MK: In the documentary, the kill-off date for ocean seafood is 2050. How was that date arrived at?

CC: I'd be far happier with saying "some time around the middle of this century, if present trends continue - which we hope they don't - we could have run down the world's major stocks of wild fish, just as we have three billion more people on this earth who might want to eat them."

MK: What do you say to those who argue that fish stocks will return after a few years?

CC: They might, they might not. Depends how much we've fished them. Look at the northern cod off Newfoundland. They said that would come back. It hasn't yet. Every now and again someone says it's coming back and it's gone up by one percent. Many people think that there has been an ecosystem flip and other species now live in the niche cod once lived in.

MK: What role does the consumer play in the depletion of certain types of fish, such as the bluefin tuna?
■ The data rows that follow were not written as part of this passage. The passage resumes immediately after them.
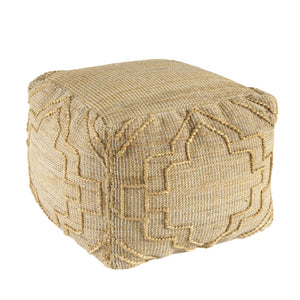Homeroots 18" Natural Jute Blend Cube Pouf Ottoman - Stylish Quatrefoil Design For Chic Bohemian Decor   551562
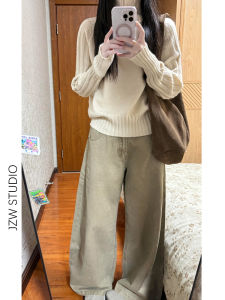 Low Waist Wide Leg Denim Jeans Womens Loose Fit Slimming Drapey Straight Cut Extended Floor Length Pants Casual Vintage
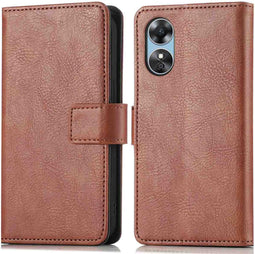 iMoshion Hoesje Geschikt voor Oppo A17 Hoesje Met Pasjeshouder - iMoshion Luxe Bookcase - Bruin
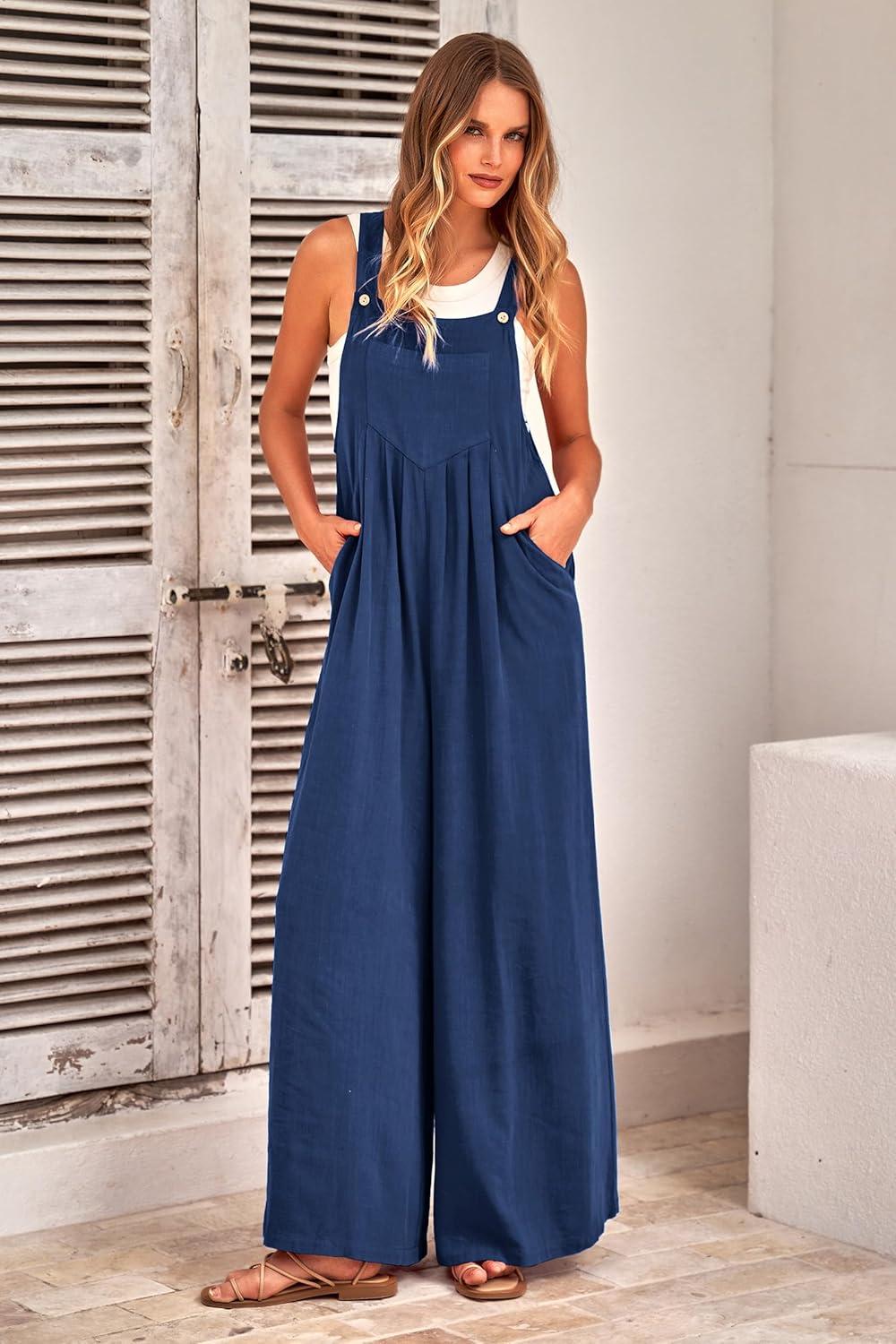 imagePRETTYGARDEN Womens Bib Overalls Casual Summer Sleeveless Strap Loose Wide Leg Jumpsuits with Pockets Denim BlueLarge PR401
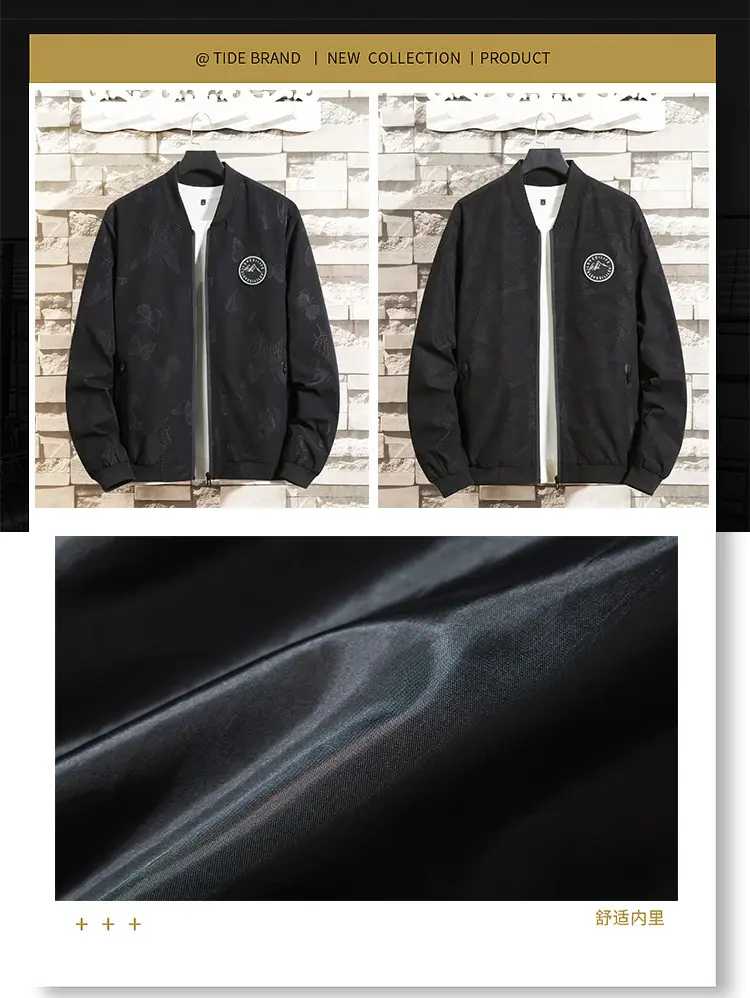 Fat Men's Spring and Autumn Plus Fat Plus Size Loose All-match Windproof Casual Jacket Fashion Trend Baseball Collar Jacket — feature 11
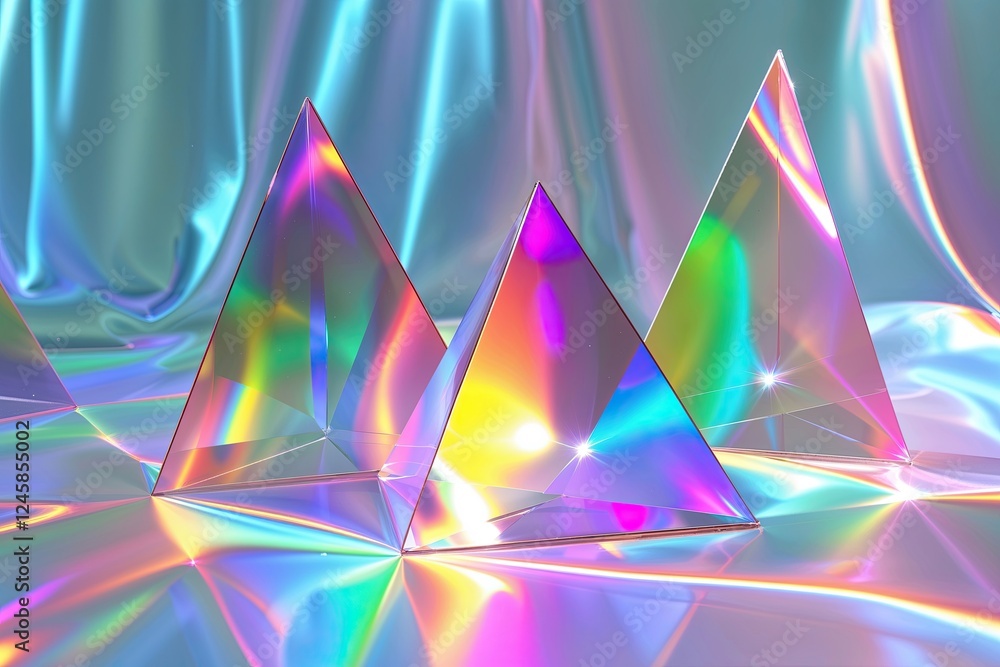 Poster triangular holographic prisms reflecting colorful light spectrum on translucent background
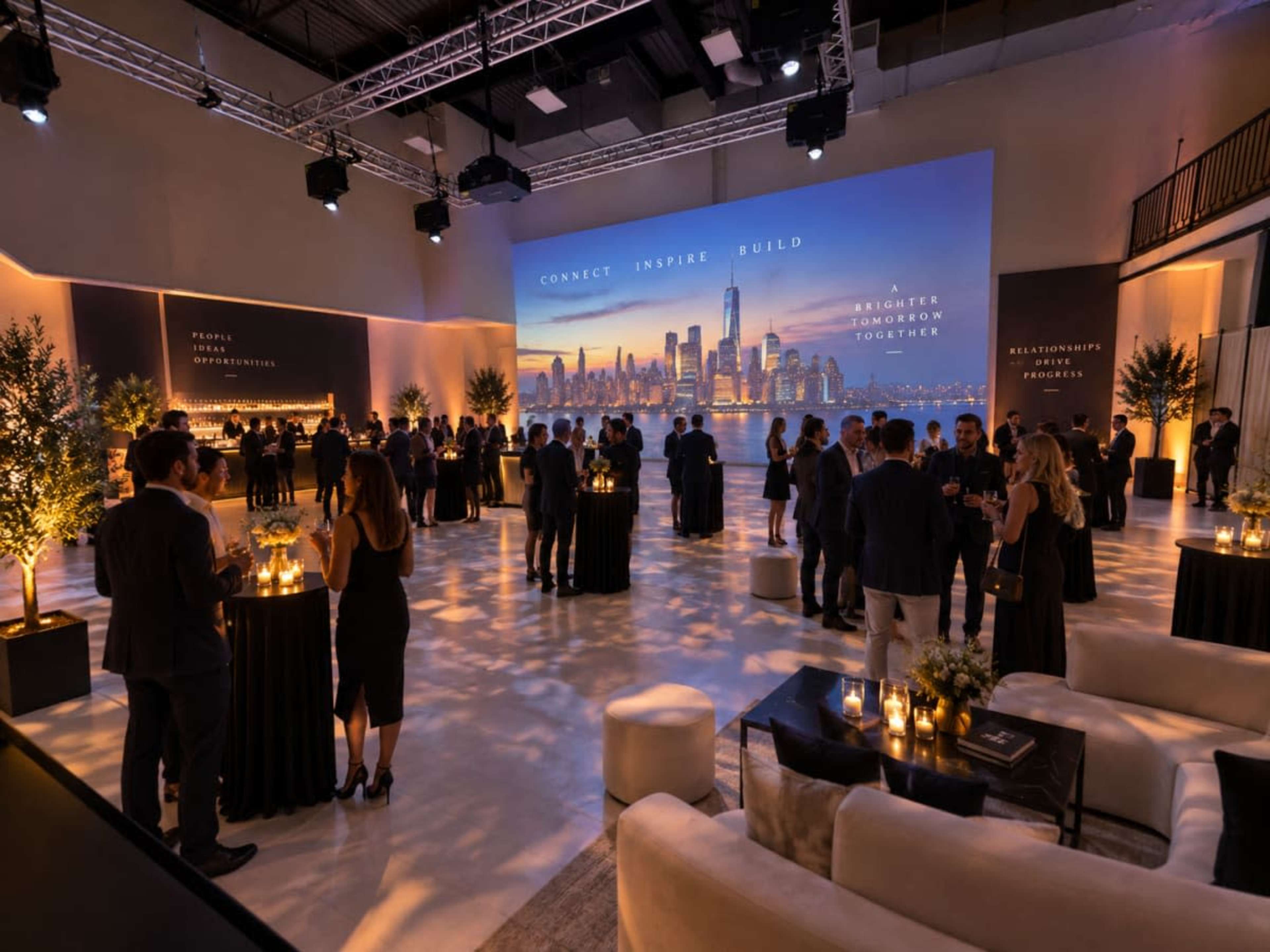 The image shows a spacious event hall with people mingling around tables, illuminated by ambient lighting and featuring a large screen displaying a city skyline.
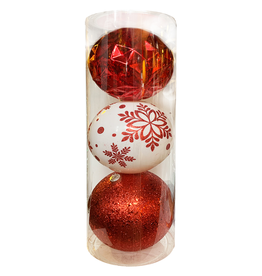 Darice Large Ball Ornaments Red White 3pk 150mm Shatter-Proof -C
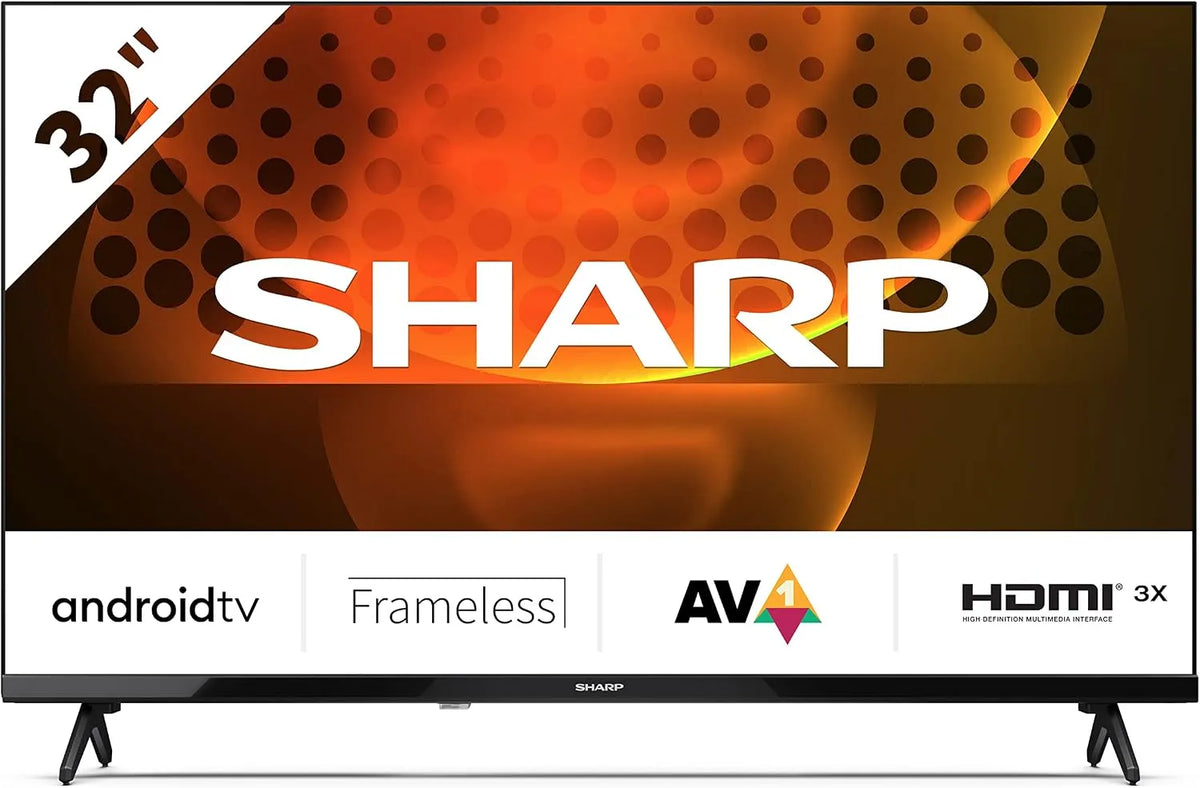 SHARP 32FH6EA, TV'er, HD Klar Frameless Android TV 80cm (32 inches), 3X HDMI, 2X USB, Dolby Digital, Sort, 80cm, 32 inch, 1366 x 768, 2 x 426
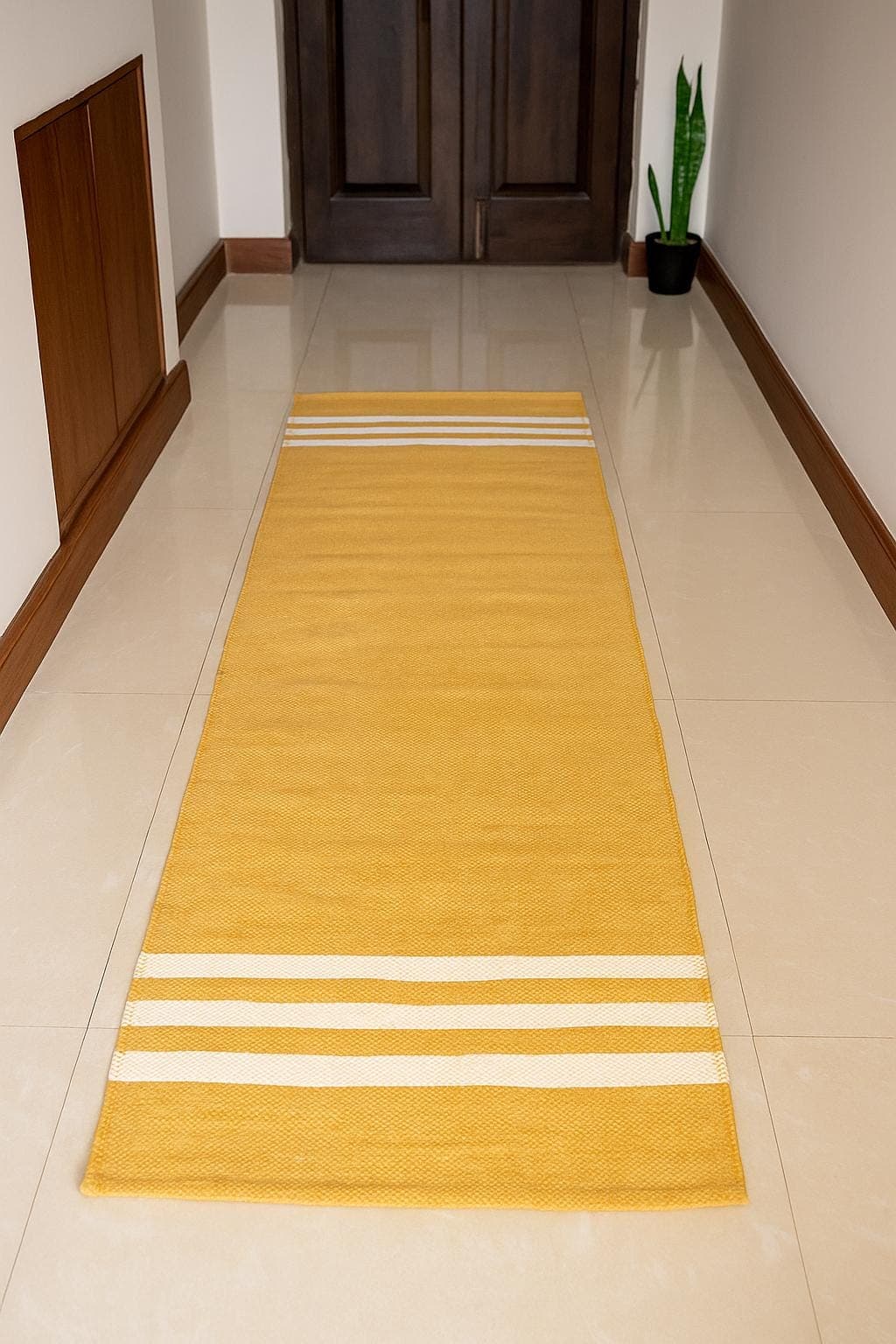 Organic Cotton Yoga Mat 24x72 | Eco Friendly Yoga Rug | Washable Meditation Mat | Non Slip Yoga Mat | Yellow Yoga Runner - image 5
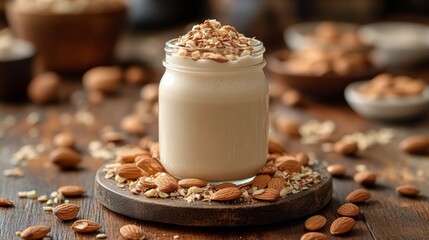 Canvas Print - Creamy almond milk in a glass jar surrounded by whole almonds on a rustic table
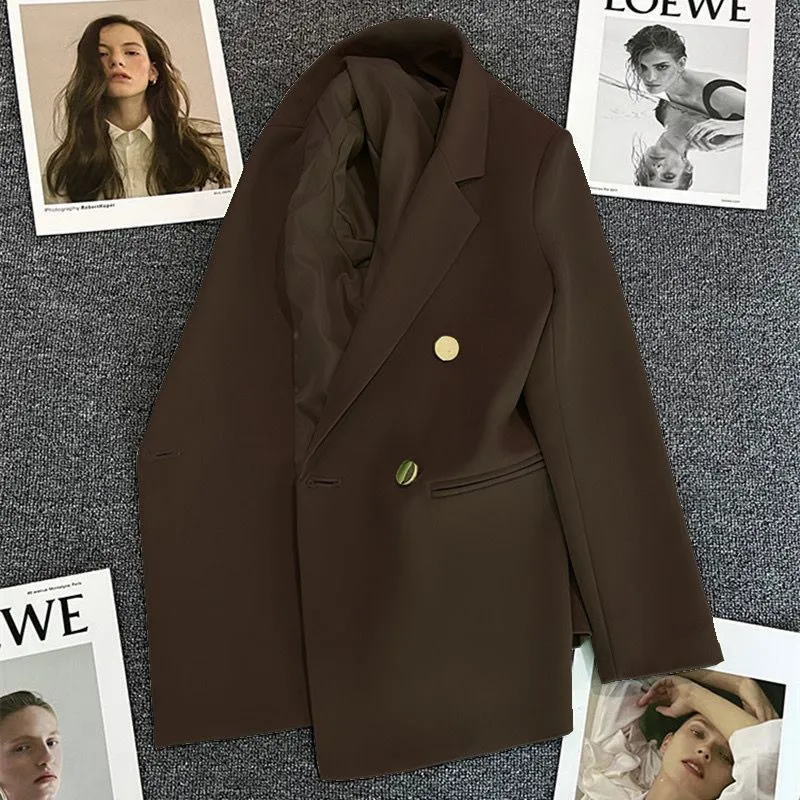 Green Metal Buckle Korean Style 2024 Spring and Autumn New Milk White Suit Jacket Women's Casual All-match High-end Suit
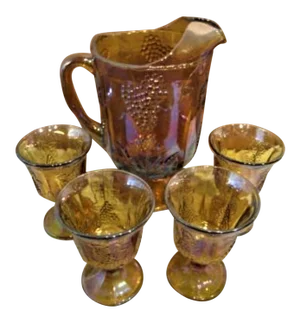 Vintage Harvest Grape Pattern Indiana Glass Co. Carnival Glass Pitcher & Goblets- 5 Pieces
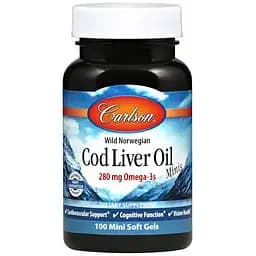 Рыбий жир Carlson Cod Liver Oil норвежский 100 мини гелевых капсул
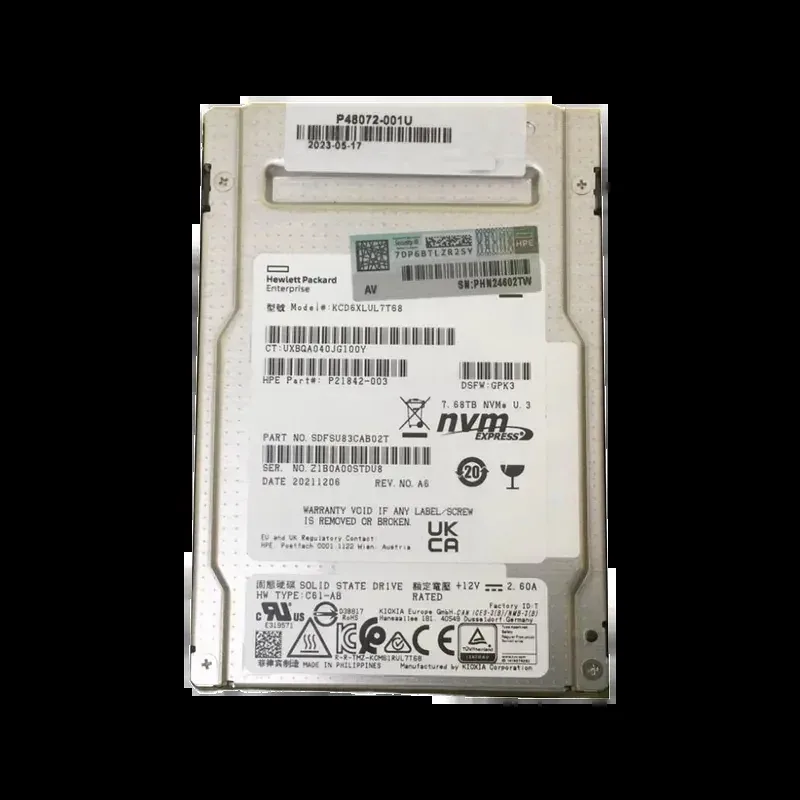 KIOXIA SDFSU83CAB02T CD6-R 7.68TB PCI Express NVMe 4.0 SFF 2.5-Inch Solid State Drive. In Stock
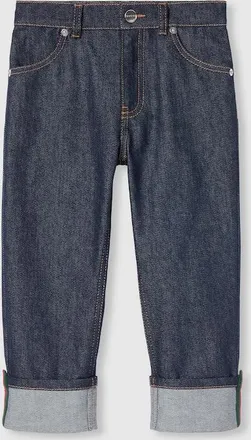 Gucci Kids - Denim Pants With Web, Blue, Ready-to-wear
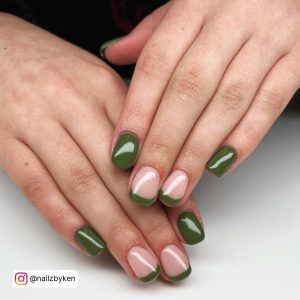 White Nails With Green French Tip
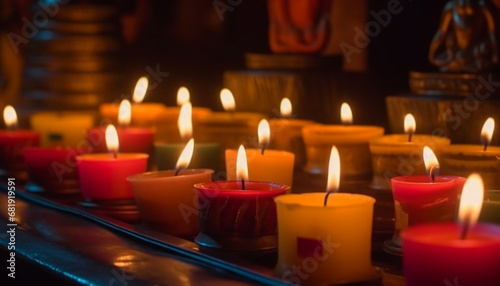 Burning candle igniting memories of love and spirituality in December generated by AI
CC: Greedy and unethical ones continue to eat them and they shouldn't. They should realize that in a world of scarce resources, it is unethical to eat declining species.

MK: There is an amazing shot in the documentary of an enormous seabed trawler that smashes coral reefs and lower ocean level sea life to bits as it speeds along. So, the threat is not just to fish, but to the actual seabed, is that right?

CC: That is actually the first image in my book and shook me when I discovered about it: the image of a beam trawler smashing its way across the seabed. I transposed it to the plains of Africa and it became a shocking image. Towed gear does alter the habitat and kills animals on the bottom as well as catching fish and that image explains that. It was worked out that a beam trawler killed 16 pounds of marine creatures to produce one pound of marketable sole.